My understanding of PROC UPLOAD is that it is performing a record-by-record upload of the file along with some conversions and checks, which is helpful in some ways, but not particularly fast. PROC COPY, on the other hand, will happily copy the file without being quite as careful to maintain things like indexes and constraints; but it will be much faster. You just have to define a libref for your server's files.

For example, I sign on to my server and assign it the 'unix' nickname. Then I define a library on it: libname uwork server=unix slibref=work;

Then I execute the following PROC COPY code, using a randomly generated 1e7 row datafile. Following that, I also RSUBMIT a PROC UPLOAD for comparison purposes.

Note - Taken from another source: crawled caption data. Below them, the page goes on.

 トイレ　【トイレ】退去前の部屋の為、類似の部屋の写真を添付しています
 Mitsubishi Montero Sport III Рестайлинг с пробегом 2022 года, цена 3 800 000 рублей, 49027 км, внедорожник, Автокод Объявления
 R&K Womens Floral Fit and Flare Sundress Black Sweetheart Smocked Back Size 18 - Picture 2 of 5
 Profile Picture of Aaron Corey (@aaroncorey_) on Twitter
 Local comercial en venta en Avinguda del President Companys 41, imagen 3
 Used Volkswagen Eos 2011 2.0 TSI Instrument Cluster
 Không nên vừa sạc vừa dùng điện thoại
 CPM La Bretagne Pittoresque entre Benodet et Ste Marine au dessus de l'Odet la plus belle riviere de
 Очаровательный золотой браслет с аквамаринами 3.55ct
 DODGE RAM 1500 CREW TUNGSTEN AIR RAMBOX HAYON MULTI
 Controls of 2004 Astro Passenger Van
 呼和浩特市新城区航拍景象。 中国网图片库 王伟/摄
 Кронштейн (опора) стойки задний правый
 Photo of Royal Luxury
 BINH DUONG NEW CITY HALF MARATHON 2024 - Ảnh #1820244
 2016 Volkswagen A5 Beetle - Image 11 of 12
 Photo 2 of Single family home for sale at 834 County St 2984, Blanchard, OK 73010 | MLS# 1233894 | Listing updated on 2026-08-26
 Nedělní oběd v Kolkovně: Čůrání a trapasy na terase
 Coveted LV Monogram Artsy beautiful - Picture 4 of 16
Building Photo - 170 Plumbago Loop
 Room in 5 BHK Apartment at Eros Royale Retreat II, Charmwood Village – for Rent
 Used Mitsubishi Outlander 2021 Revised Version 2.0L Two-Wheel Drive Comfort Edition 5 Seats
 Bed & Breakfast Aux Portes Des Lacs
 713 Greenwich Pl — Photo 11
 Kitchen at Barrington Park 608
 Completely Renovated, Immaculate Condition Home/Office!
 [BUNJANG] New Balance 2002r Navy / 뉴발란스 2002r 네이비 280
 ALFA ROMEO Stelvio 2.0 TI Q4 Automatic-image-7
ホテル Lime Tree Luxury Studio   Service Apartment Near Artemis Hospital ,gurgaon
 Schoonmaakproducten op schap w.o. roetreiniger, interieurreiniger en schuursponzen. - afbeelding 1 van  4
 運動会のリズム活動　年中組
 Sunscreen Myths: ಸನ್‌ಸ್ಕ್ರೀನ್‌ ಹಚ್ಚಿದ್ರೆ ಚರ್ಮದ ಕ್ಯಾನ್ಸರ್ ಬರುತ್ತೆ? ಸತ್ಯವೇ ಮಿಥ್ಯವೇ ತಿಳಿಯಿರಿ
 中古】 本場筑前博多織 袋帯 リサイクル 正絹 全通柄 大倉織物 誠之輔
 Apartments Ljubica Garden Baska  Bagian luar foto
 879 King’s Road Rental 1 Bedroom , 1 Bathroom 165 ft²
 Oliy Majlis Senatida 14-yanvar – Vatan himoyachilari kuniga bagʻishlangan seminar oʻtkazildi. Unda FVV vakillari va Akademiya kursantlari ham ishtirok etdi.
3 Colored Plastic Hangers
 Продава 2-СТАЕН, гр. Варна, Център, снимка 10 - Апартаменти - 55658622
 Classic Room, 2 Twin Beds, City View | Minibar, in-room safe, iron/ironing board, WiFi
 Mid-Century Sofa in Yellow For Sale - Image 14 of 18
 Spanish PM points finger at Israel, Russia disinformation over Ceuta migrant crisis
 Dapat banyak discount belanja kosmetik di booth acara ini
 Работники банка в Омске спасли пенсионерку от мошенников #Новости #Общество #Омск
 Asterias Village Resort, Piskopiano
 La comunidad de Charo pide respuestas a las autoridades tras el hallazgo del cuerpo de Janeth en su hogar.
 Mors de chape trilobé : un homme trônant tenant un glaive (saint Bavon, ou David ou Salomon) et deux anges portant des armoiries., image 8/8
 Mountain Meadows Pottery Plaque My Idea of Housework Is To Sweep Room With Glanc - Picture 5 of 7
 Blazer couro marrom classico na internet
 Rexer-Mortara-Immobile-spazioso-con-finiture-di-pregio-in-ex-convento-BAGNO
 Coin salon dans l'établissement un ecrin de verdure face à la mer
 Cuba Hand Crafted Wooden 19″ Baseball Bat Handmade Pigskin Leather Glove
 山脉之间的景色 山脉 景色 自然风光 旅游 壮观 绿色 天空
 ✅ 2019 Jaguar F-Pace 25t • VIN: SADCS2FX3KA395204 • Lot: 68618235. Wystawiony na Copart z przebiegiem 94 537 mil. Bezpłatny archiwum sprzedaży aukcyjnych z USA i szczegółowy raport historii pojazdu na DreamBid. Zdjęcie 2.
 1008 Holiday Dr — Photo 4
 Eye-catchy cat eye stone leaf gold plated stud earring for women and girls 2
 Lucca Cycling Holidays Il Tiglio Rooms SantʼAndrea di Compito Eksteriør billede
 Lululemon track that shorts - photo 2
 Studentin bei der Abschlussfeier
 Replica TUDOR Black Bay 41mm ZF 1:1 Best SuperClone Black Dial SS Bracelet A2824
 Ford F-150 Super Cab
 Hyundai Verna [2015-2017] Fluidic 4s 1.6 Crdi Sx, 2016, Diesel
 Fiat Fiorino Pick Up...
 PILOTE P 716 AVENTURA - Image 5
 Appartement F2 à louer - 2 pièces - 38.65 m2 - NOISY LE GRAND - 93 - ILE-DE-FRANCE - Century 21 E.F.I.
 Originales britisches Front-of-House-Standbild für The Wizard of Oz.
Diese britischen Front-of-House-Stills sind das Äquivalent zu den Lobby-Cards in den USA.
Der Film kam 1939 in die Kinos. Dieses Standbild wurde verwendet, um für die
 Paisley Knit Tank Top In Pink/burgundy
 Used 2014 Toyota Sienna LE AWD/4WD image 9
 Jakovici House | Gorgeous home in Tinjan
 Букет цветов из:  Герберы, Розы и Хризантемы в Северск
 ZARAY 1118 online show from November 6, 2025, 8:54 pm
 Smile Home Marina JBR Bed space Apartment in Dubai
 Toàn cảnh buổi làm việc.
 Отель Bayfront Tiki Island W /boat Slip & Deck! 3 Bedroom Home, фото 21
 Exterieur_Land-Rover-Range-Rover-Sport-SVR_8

48   proc copy in=work out=uwork;
NOTE: Writing HTML Body file: sashtml.htm
49   select test;
50   run;

NOTE: Copying WORK.TEST to UWORK.TEST (memtype=DATA).
NOTE: There were 10000000 observations read from the data set WORK.TEST.
NOTE: The data set UWORK.TEST has 10000000 observations and 1 variables.
NOTE: PROCEDURE COPY used (Total process time):
      real time           13.07 seconds
      cpu time            1.93 seconds


51   rsubmit;
NOTE: Remote submit to UNIX commencing.
3    proc upload data=test;
4    run;


NOTE: Upload in progress from data=WORK.TEST to out=WORK.TEST
NOTE: 80000000 bytes were transferred at 1445217 bytes/second.
NOTE: The data set WORK.TEST has 10000000 observations and 1 variables.
NOTE: Uploaded 10000000 observations of 1 variables.
NOTE: The data set WORK.TEST has 10000000 observations and 1 variables.
NOTE: PROCEDURE UPLOAD used:
      real time           55.46 seconds
      cpu time            42.09 seconds


NOTE: Remote submit to UNIX complete.

PROC COPY is still not quite as fast as OS copying, but it's much closer in speed. PROC UPLOAD is actually quite a bit slower than even a regular data step, because it's doing some checking; in fact, here the data step is comparable to PROC COPY due to the simplicity of the dataset (and probably the fact that I have a 64k block size, meaning that a data step is using the server's 16k block size while PROC COPY presumably does not).

52   data uwork.test;
53   set test;
54   run;

NOTE: There were 10000000 observations read from the data set WORK.TEST.
NOTE: The data set UWORK.TEST has 10000000 observations and 1 variables.
NOTE: DATA statement used (Total process time):
      real time           12.60 seconds
      cpu time            1.66 seconds

In general in 'real world' situations, PROC COPY is faster than a data step, but both are faster than PROC UPLOAD - unless you need to use proc upload because of complexities in your situation (I have never seen a reason to, but I know it is possible). I think that PROC UPLOAD was more necessary in older versions of SAS but is largely unneeded now, but given my experience is fairly limited in terms of hardware setups this may not apply to your situation.

0
votes

FTP, if available from the source server, is much faster than proc upload or proc copy. These both operate on a record-by-record basis and can be CPU-bound over fast network connections, especially for very wide datasets. A single FTP transfer will attempt to use all available bandwidth, with negligible CPU cost.

This assumes that the destination server can use the unmodified transferred file - if not, the time required to make it usable might negate the increased transfer speed of FTP.